We lease our corporate offices at 3700 Buffalo Speedway, Suite 960, Houston, Texas 77098. Effective June 1, 2004, we increased our office space from 2,850 square feet to 5,377 square feet. Our agreement provides for a monthly rental of $9,970 per month through October 2006.

 

Code of Ethics

 

We adopted a Code of Ethics for senior management in December 2002. A copy of our Code of Ethics is filed as an exhibit to this Form 10-K and is also available on our Website at www.contango.com.

 

Risk Factors

 

In addition to the other information set forth elsewhere in this Form 10-K, you should carefully consider the following factors when evaluating the Company. An investment in the Company is subject to risks inherent in our business. The trading price of the shares of the Company is affected by the performance of our business relative to, among other things, competition, market conditions and general economic and industry conditions. The value of an investment in the Company may decrease, resulting in a loss. The risk factors listed below are not all inclusive.

 

We have no ability to control the prices that we receive for natural gas and oil. Natural gas and oil prices fluctuate widely, and low prices could have a material adverse effect on our revenues, profitability and growth.

 

Our revenues, profitability and future growth will depend significantly on natural gas and crude oil prices. Prices received also will affect the amount of future cash flow available for capital expenditures and repayment of indebtedness and will affect our ability to raise additional capital.

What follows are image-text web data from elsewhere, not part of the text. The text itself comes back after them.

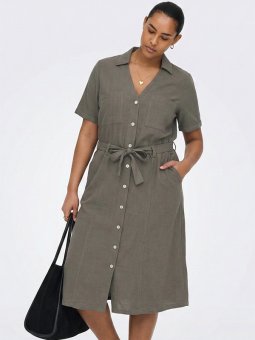 CARSIESTA - Plus Size Kjole fra Only Carmakoma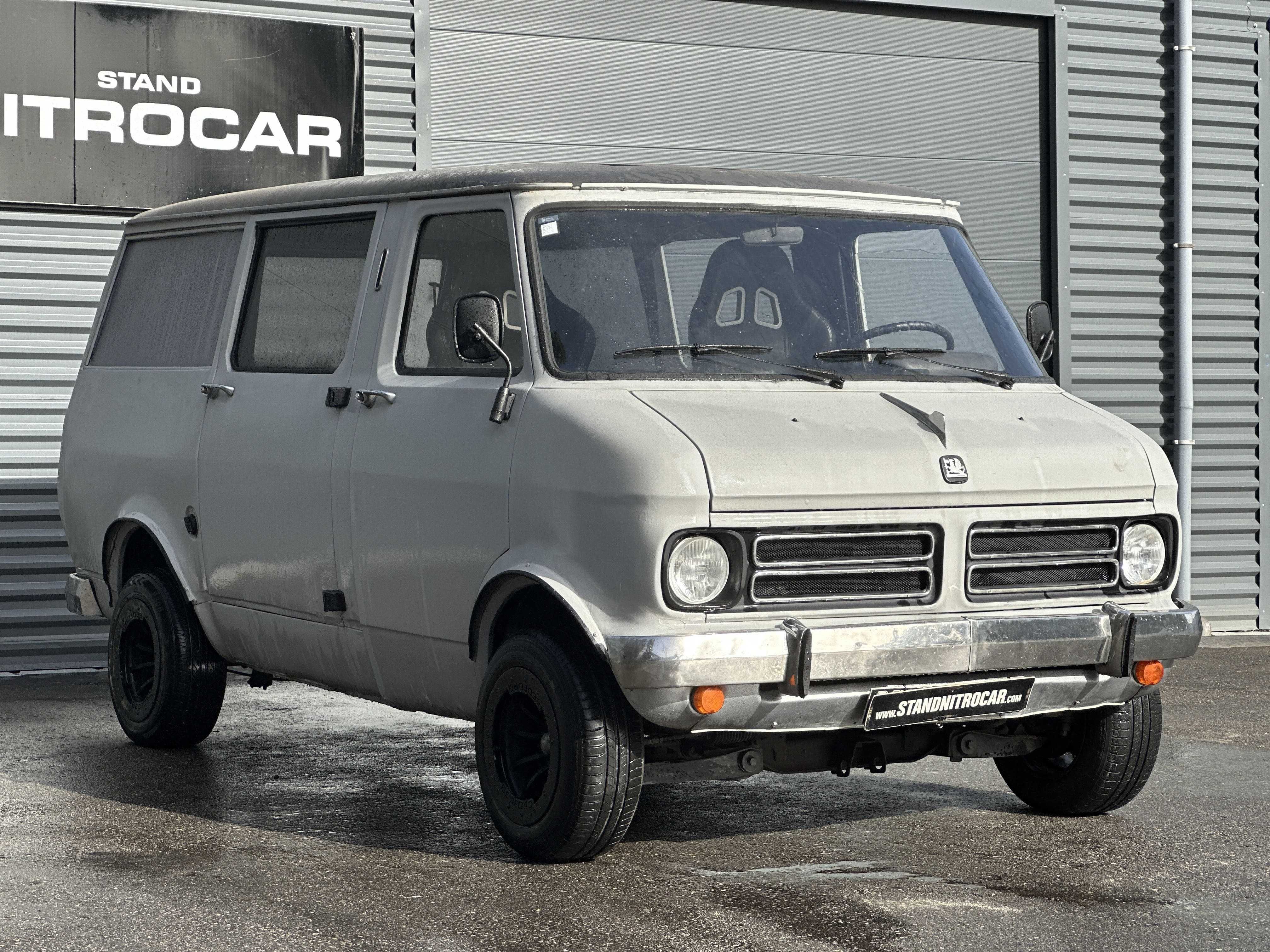 BEDFORD CF VAN 9 LUGARES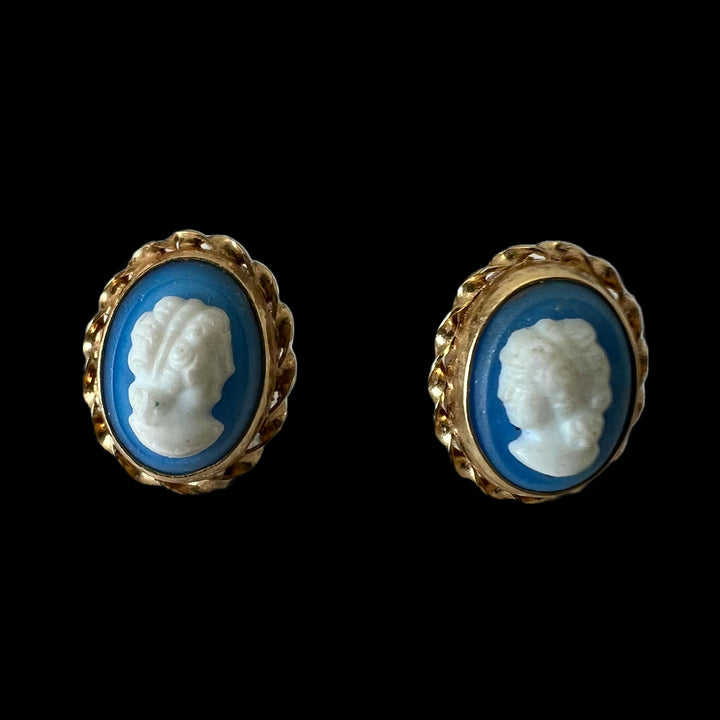 Vintage 14K Yellow Gold Blue Cameo Stud Earrings 10mm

Lower prices may also affect the amount of natural gas and oil that we can economically produce. Factors that can cause price fluctuations include:

 

    The domestic and foreign supply of natural gas and oil.

 

    Overall economic conditions.

 

    The level of consumer product demand.

 

    Weather conditions.

 

    The price and availability of competitive fuels such as heating oil and coal.

 

    Political conditions in the Middle East and other natural gas and oil producing regions.

 

    The level of LNG imports.

 

    Domestic and foreign governmental regulations.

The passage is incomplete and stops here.